Die Regierung stockte die Mittel für Prämienverbilligungen auf. Man sei überzeugt, das Prozessrisiko wäre auch ohne Aufstockung gering, argumentierte sie.

Gesamthaft 330 Millionen Franken für Prämienverbilligung

Gleichwohl beantragte sie dem Grossen Rat, die ursprünglich vorgesehenen kantonalen Mittel für die Vergünstigung für das Jahr 2019 um 10,2 und für 2020 um 4 Millionen Franken zu erhöhen. Konkret sollte der Anteil des Kantons allein für 2019 neu 106,2 und für 2020 neu 116 Millionen Franken betragen.

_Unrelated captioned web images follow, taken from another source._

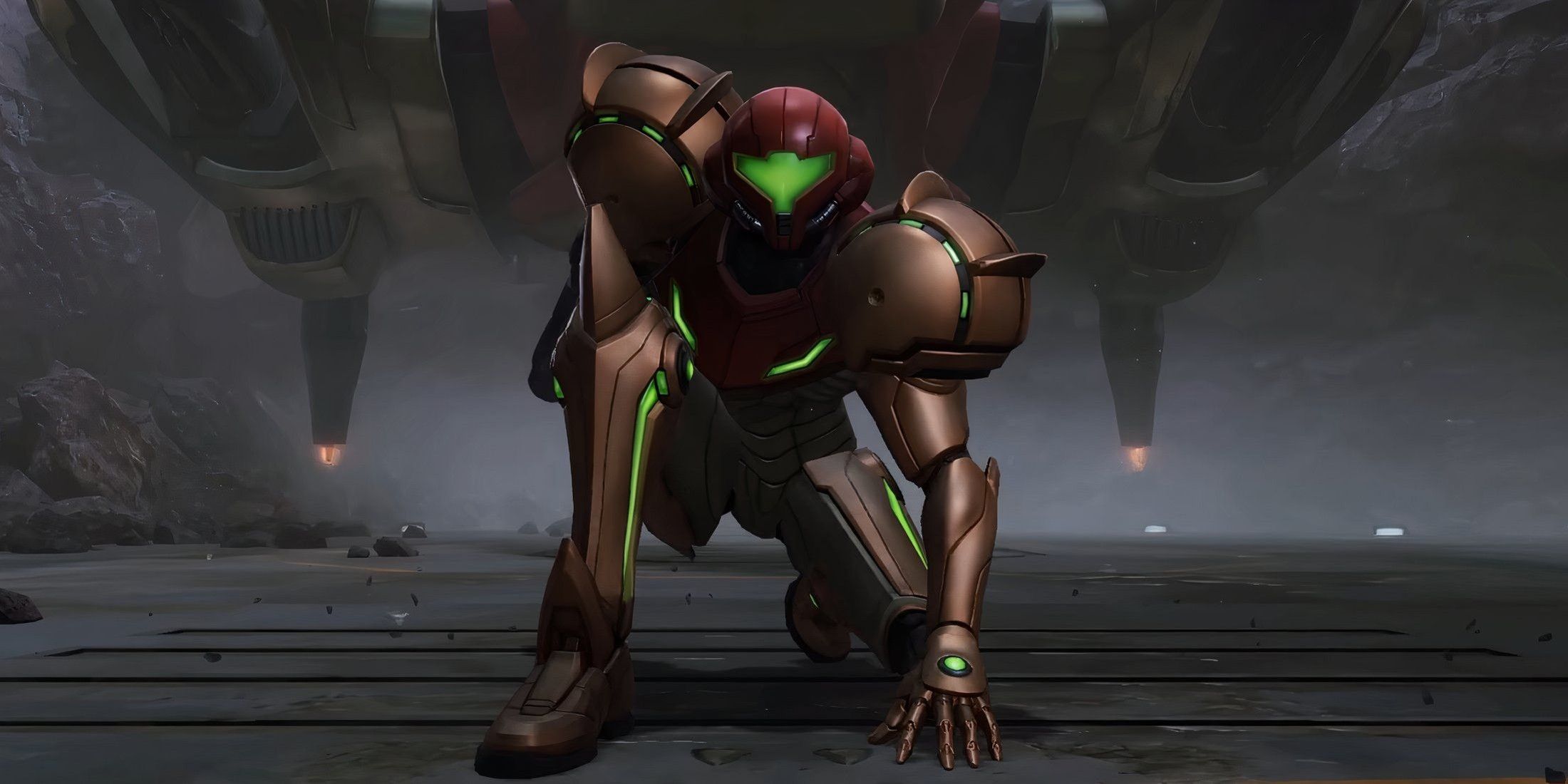 metroid prime 4 beyond samus aran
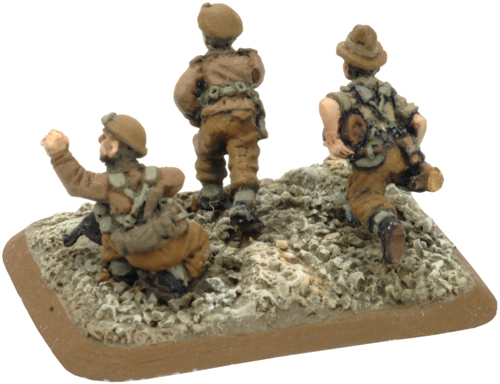 Commonwealth Rifle Platoon (BR768)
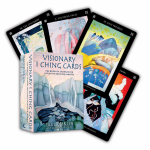 Blue Angel Visionary I Ching Oracle Kortos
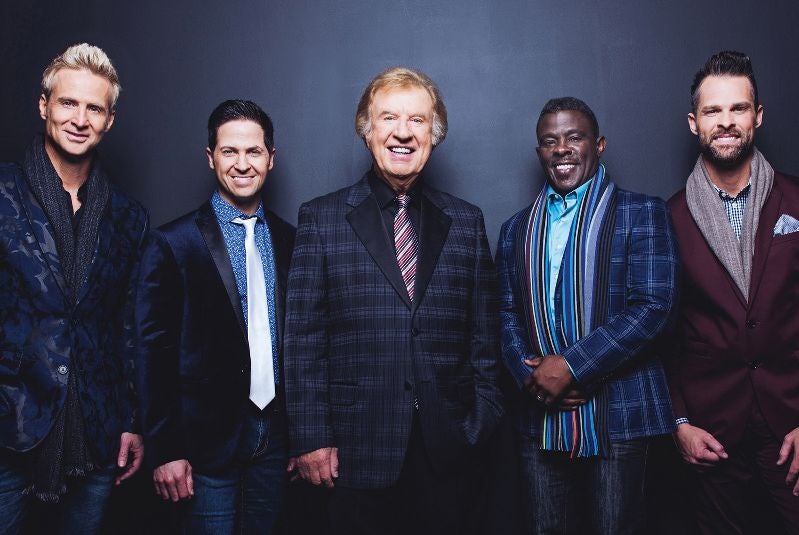 More Info for The Gaither Vocal Band To Perform At The Niswonger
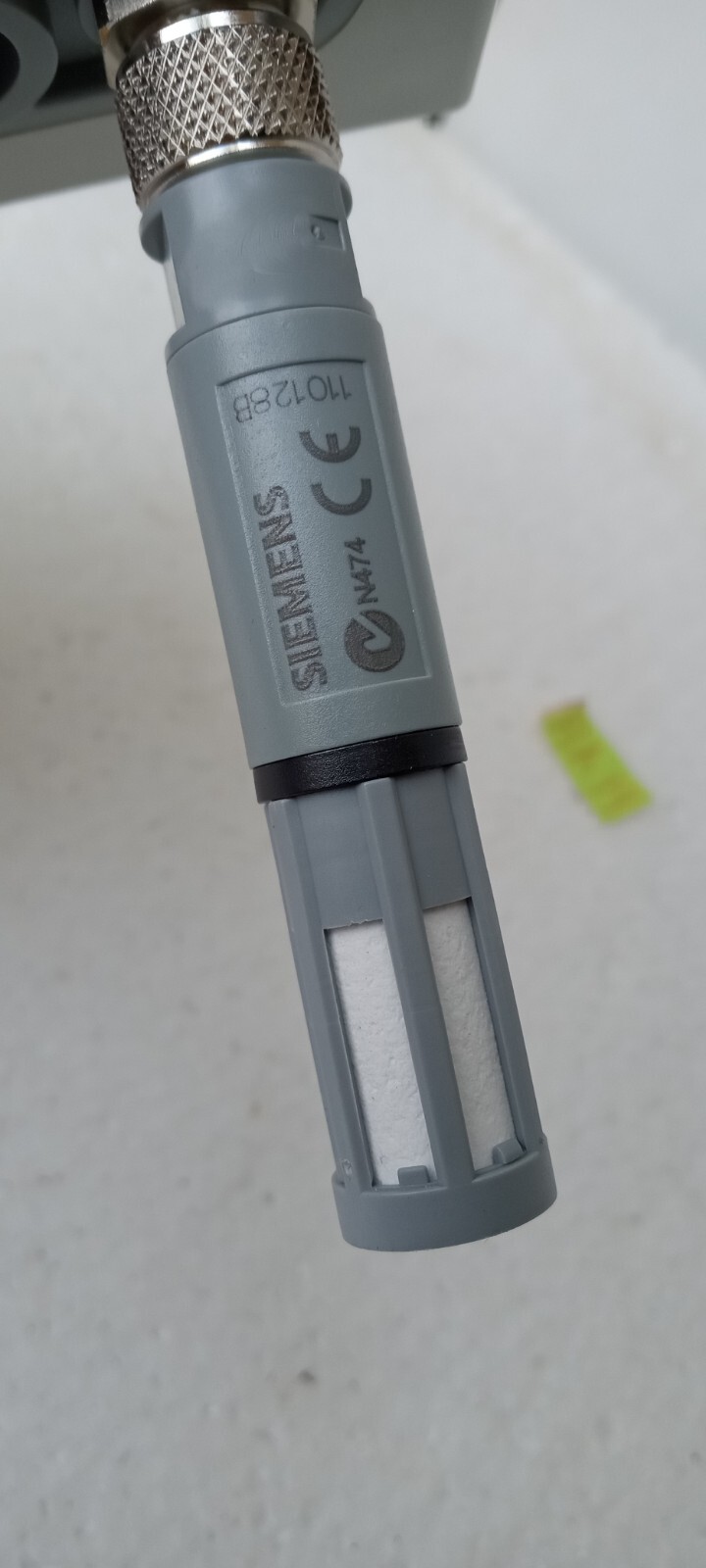 SIEMENS QFA3171 ROOM TEMPERATURE AND HUMIDITY SENSOR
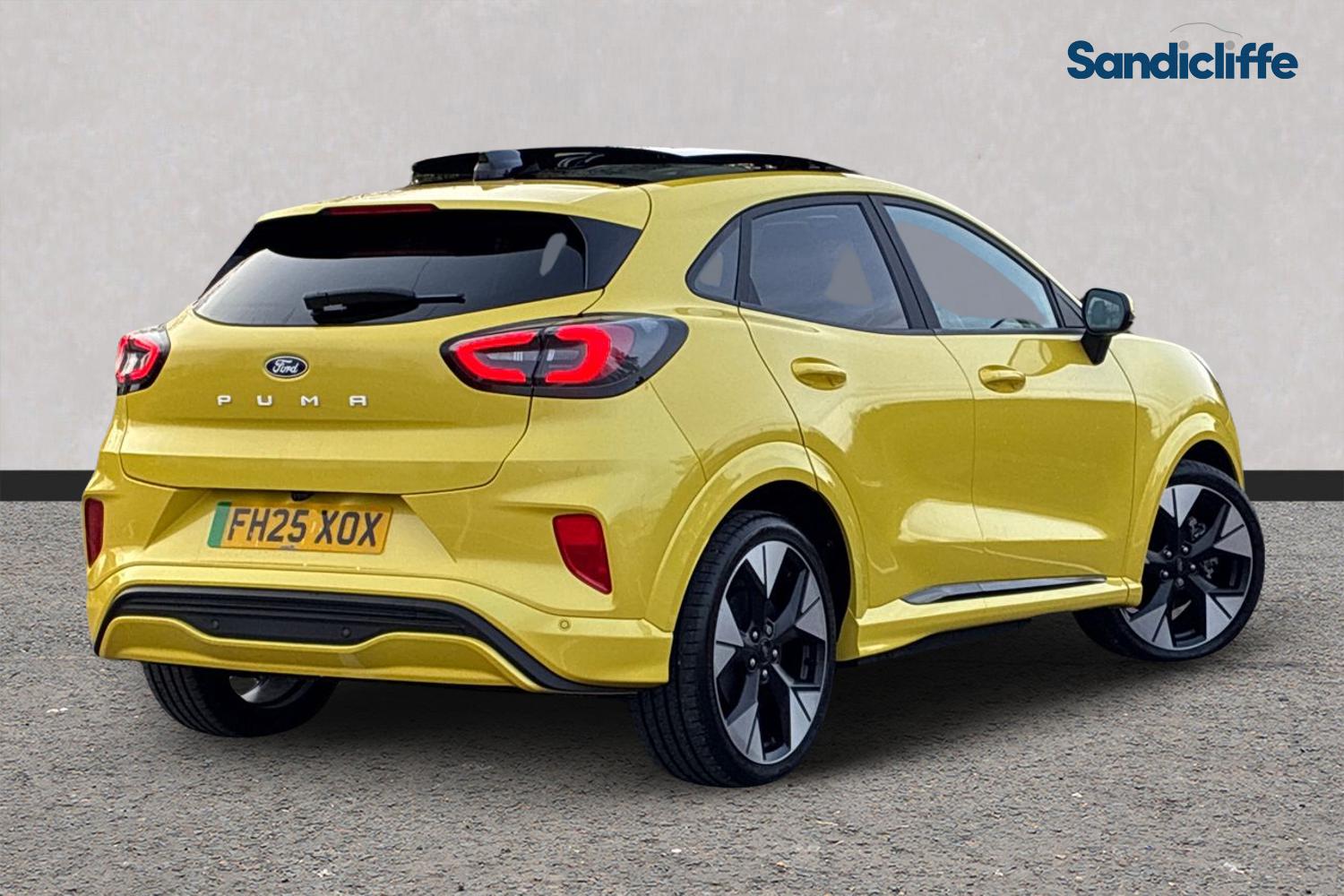 Used Ford Puma 2025 for sale - 78084610: Photo 4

Inklusive Bundesanteil sollten damit für 2019 insgesamt 330,1 und für 2020 insgesamt 347,6 Millionen Franken an individuellen Prämienverbilligungen ausgeschüttet werden. Ihr Antrag berücksichtige die Auslegung des Bundesgerichts zur Prämienverbilligung für Familien, lasse aber die weiterhin herausfordernde finanzielle Situation des Kantons nicht ausser Acht, argumentierte die Regierung.

Dieser Antrag setzte sich in der Grossratsdebatte vom 25. Juni durch. Die SP wollte allerdings für 2019 60 und für 2020 sogar 66 Millionen Franken mehr Kantonsgelder aufwenden. Sie scheiterte damit im Rat.

Gestern kam es dort bei der Behandlung einer schon im März eingereichten SP-Motion für mehr Prämienverbilligungen zum erneuten Showdown. Dabei zeigte sich: Die Argumente und die politischen Lager sind dieselben wie am 25. Juni, das Ergebnis war also vorhersehbar.

SP: Ja, der Rat hat die Mittel aufgestockt, aber viel zu wenig

Für die SP argumentierte Jürg Knuchel, man fordere lediglich die Einhaltung der bundesgerichtlichen Vorgaben, wenn die SP mehr IPV-Mittel will, als der Grossen Rat am 25. Juni gesprochen hat. Dabei seien Personen und Familien des Mittelstandes angemessen zu berücksichtigen, zitierte Knuchel aus dem Gesetz.

Es stimme, dass der Rat die Mittel kürzlich aufgestockt habe. Mehrere Personengruppen seien dabei aber nicht berücksichtigt worden. Falls man sich nicht auf minimale Mittel einigen könne, brauche es halt Vorgaben des Bundesgerichts, winkte Knuchel mit dem Zaunpfahl. Sonst wäre die SP bereit, den Rechtsweg zu beschreiten. Vermeiden könne man das mit der Motion.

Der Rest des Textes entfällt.